Bean played for the Army Rugby Union. He turned out for the Army against the Navy in the 100th anniversary match at Twickenham.

Bean played for Birmingham Moseley from 2017 to 2019.

===Professional career===

At the start of the 2019–20 season, he was training with Worcester Warriors. He played for the Warriors in the Premiership Rugby Cup and Premiership Shield.

However Bean was instead signed for the Northampton Saints for their 2019–20 season.

Bean was loaned to Glasgow Warriors in November 2020. He was named on the bench for the Warriors match away to Ulster. He became Glasgow Warrior No. 317. On 10 February 2021 it was announced that the deal would be made permanent for the coming season.

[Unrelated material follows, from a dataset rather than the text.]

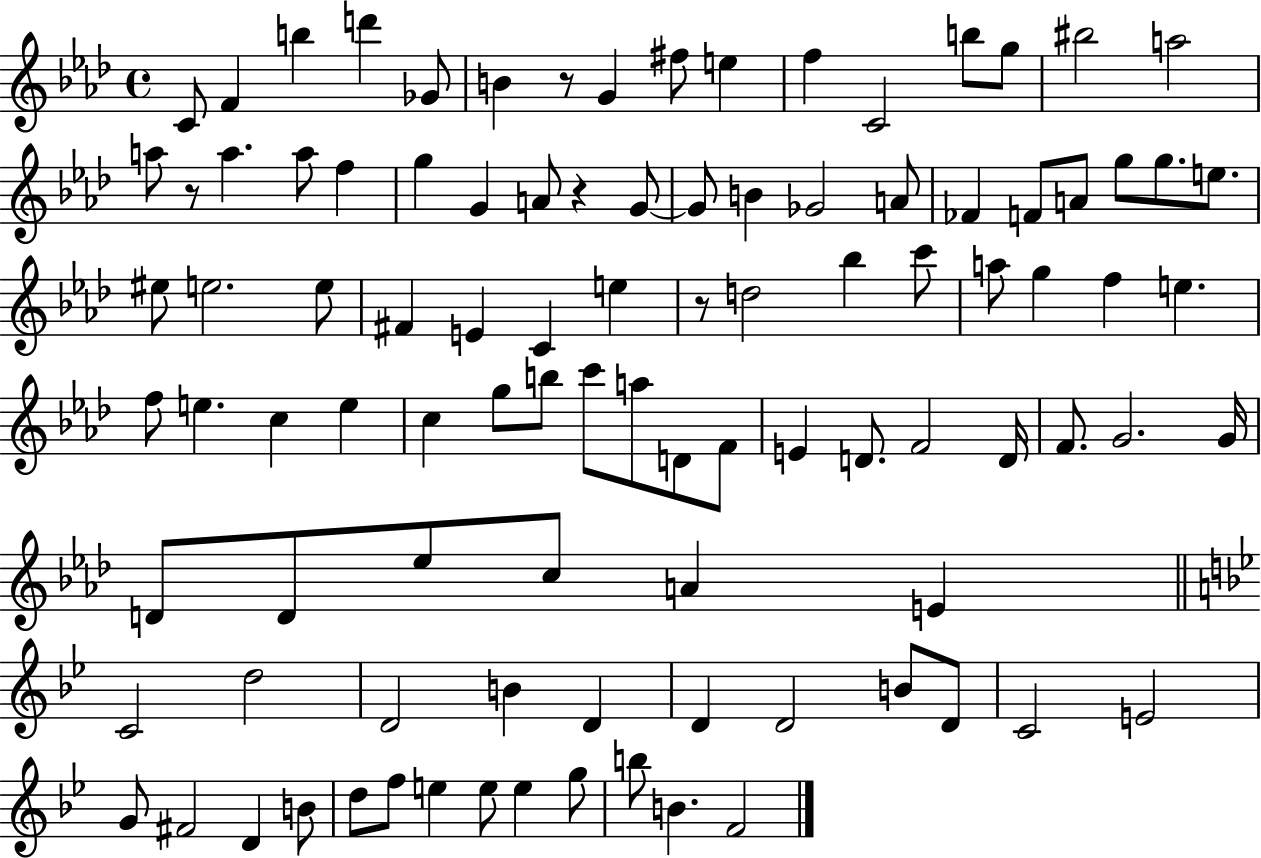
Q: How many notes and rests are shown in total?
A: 99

Bean returned to Northampton Saints for the rest of the season; but he was then loaned out to Bedford Blues. The Bedford side has a partnership deal with the Saints and this saw 12 Saints players, including Bean, move to the Blues for the close of the 2020–21 RFU Championship season.

Back with Glasgow Warriors, Bean stayed with the club until the summer of 2023. He made 40 appearances in total for the club, scoring 4 tries.

He has now signed for French side Montauban for the 2023–24 season.

==Army career==

Bean is a Corporal in the British Army based with The Rifles and has completed two tours of Afghanistan.